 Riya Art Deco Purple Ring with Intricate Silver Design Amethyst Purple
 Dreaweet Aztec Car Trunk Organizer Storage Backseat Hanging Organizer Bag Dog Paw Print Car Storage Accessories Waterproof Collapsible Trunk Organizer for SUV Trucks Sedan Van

...

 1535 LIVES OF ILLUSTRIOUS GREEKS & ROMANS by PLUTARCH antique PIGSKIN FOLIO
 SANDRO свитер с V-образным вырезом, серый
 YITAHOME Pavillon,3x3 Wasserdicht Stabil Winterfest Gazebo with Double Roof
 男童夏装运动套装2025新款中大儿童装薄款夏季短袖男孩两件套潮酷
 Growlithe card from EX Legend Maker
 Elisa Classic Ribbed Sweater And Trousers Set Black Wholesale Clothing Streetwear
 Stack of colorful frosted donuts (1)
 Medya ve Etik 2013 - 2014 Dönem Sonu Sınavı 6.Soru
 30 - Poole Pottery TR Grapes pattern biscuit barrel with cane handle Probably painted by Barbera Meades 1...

**EXERCISE DETAILS**
Each line of the data above that contains "with" counts once; report the total alone.

**SOLUTION FOR THIS PROBLEM**
3